Exercise aim: Please copy every record below exactly, but leave the pictures out.

··· Records for processing

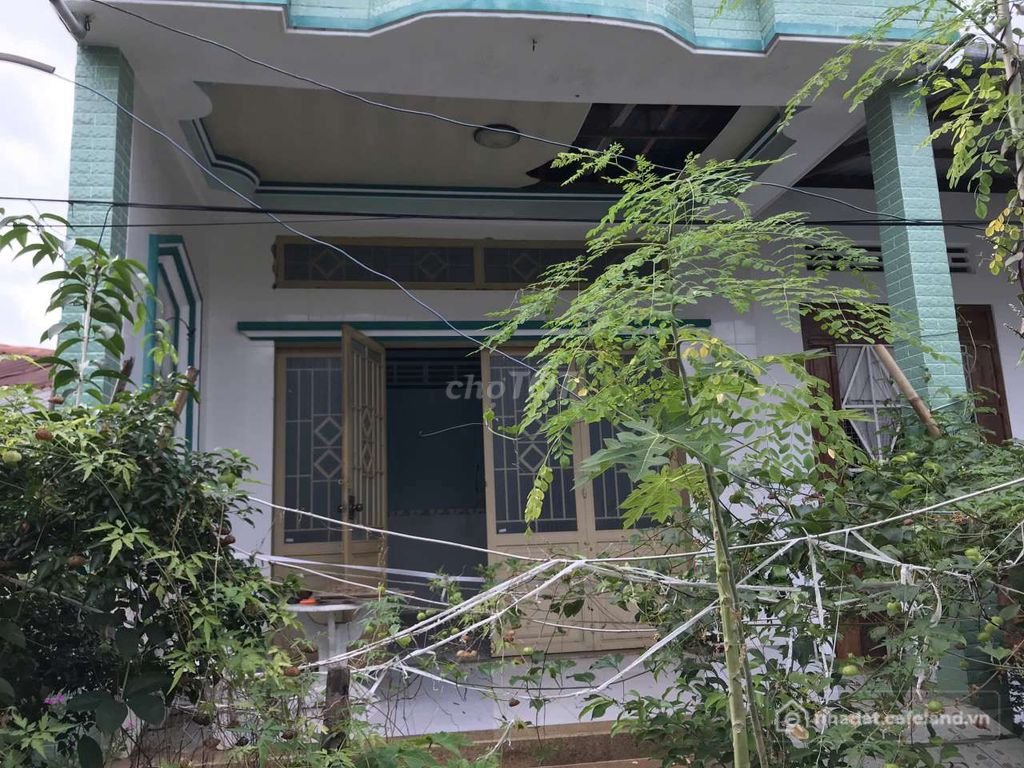 Biệt thự: Nhà cấp 4 Khu 4 tt Cái Bè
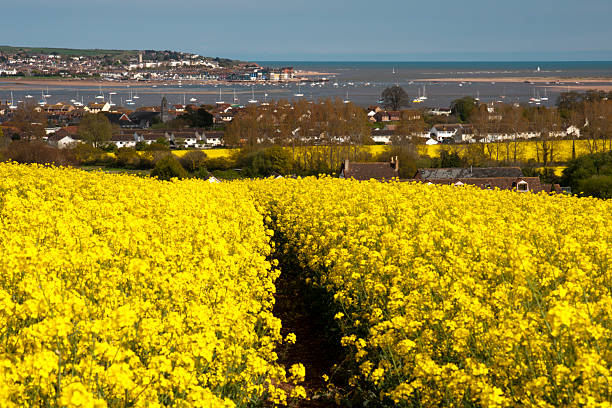 Field of oilseed rape and Exe estuary Devon "Field of oilseed rape and the village of Starcross this side of the River Exe and Exmouth and the sea the other side, Taken in early May." exmouth western australia stock pictures, royalty-free photos & images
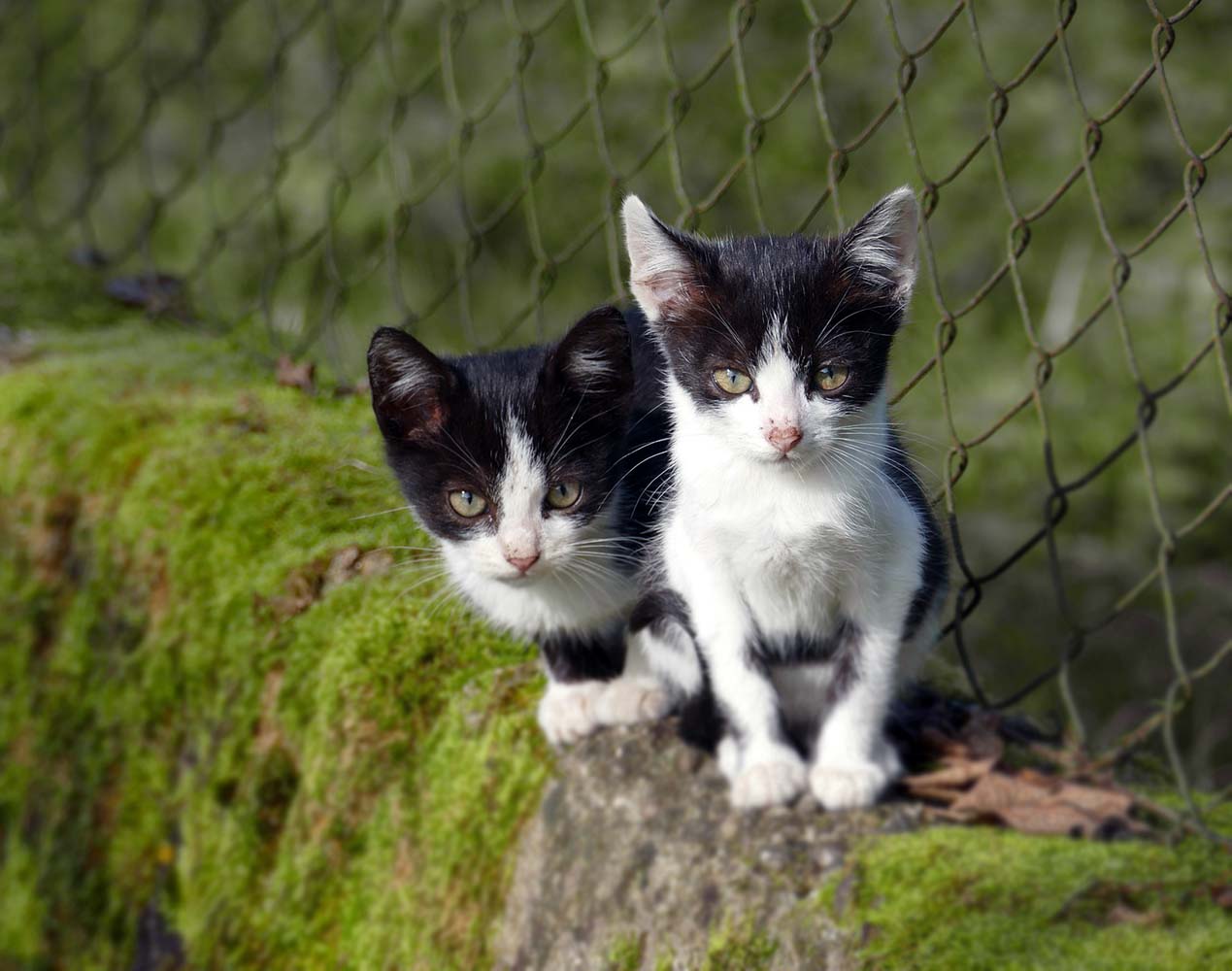 Yetişkin Bir Kedi Sahiplenmenin 6 Farklı Avantajı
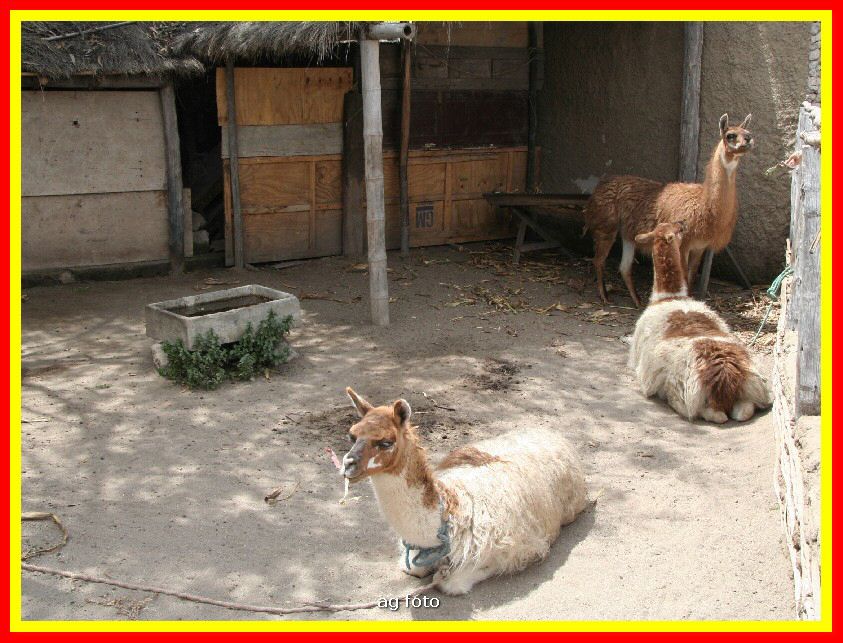 Ecuador 167_tn.jpg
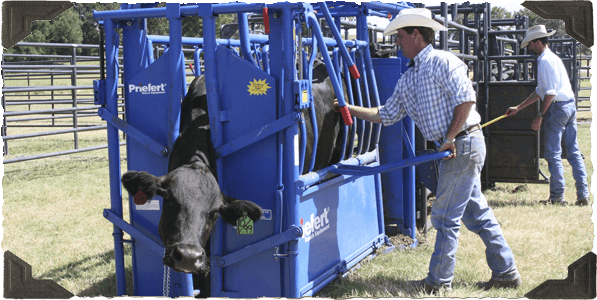 Squeeze Chute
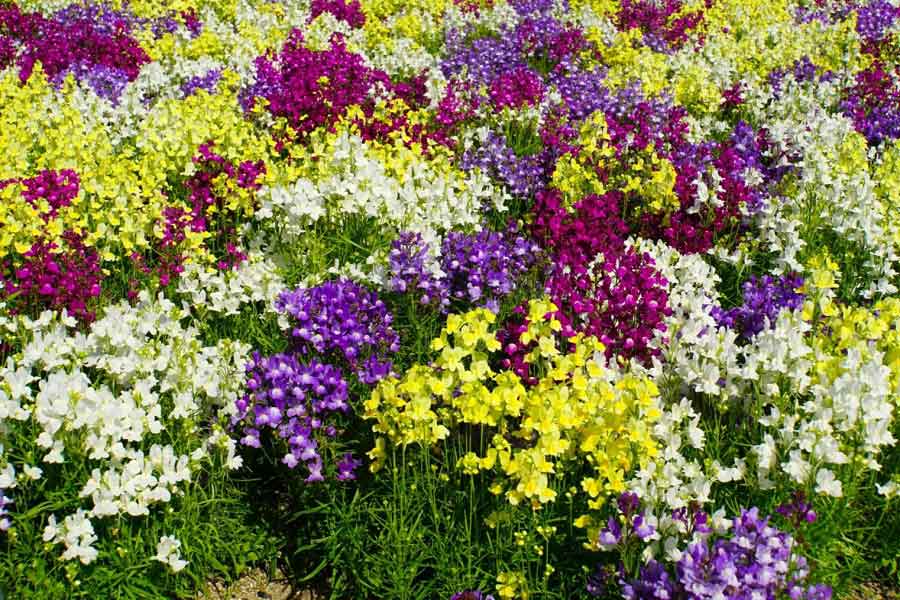 さまざまな色の花があるリナリア（写真はイメージ）【写真：写真AC】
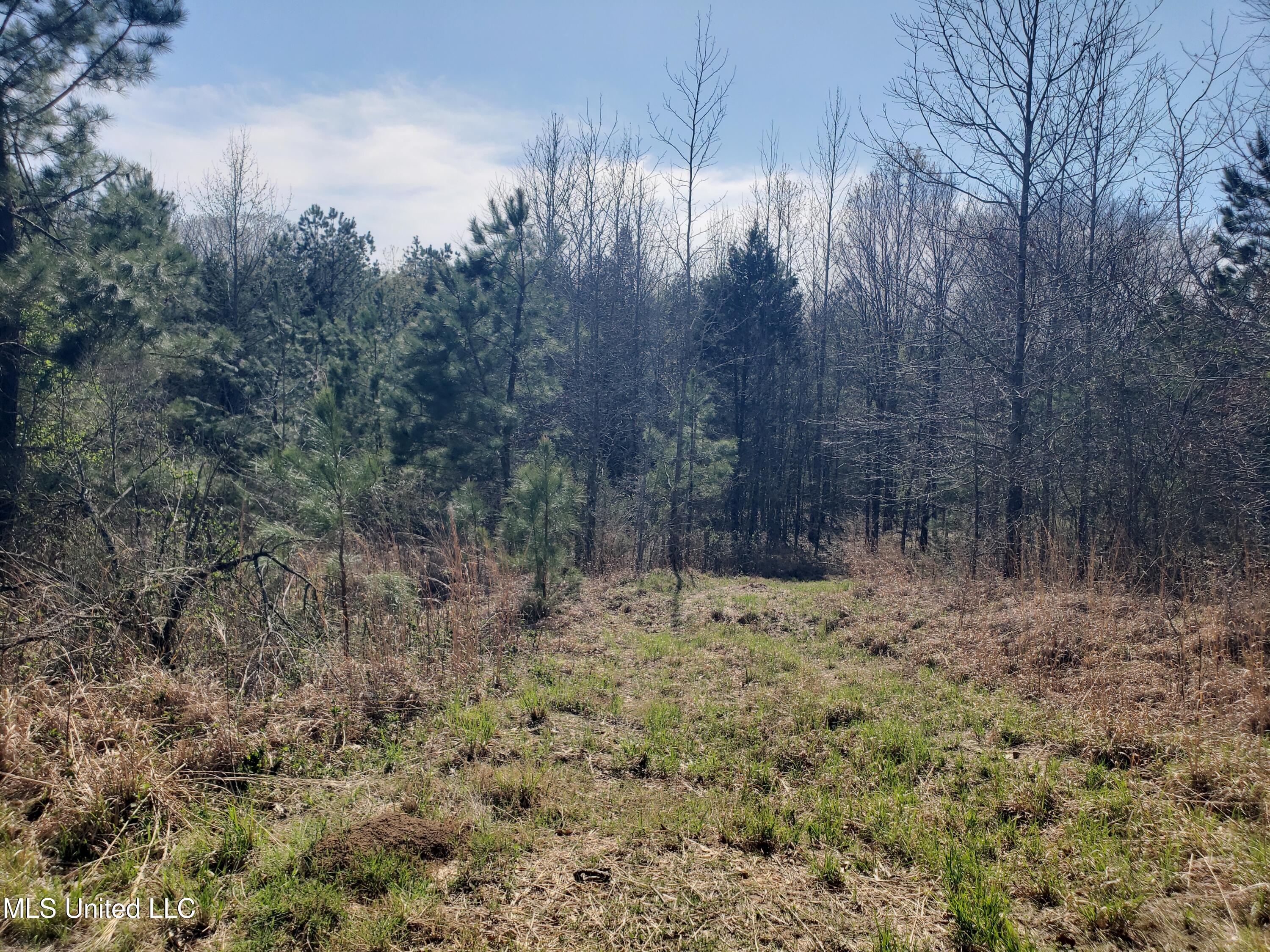 Hogfoot Road Senatobia, MS 38668 - Photo 98 of 145 20250326_154047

······

Exercise output:
 Biệt thự: Nhà cấp 4 Khu 4 tt Cái Bè
 Field of oilseed rape and Exe estuary Devon "Field of oilseed rape and the village of Starcross this side of the River Exe and Exmouth and the sea the other side, Taken in early May." exmouth western australia stock pictures, royalty-free photos & images
 Yetişkin Bir Kedi Sahiplenmenin 6 Farklı Avantajı
 Ecuador 167_tn.jpg
 Squeeze Chute
 さまざまな色の花があるリナリア（写真はイメージ）【写真：写真AC】
 Hogfoot Road Senatobia, MS 38668 - Photo 98 of 145 20250326_154047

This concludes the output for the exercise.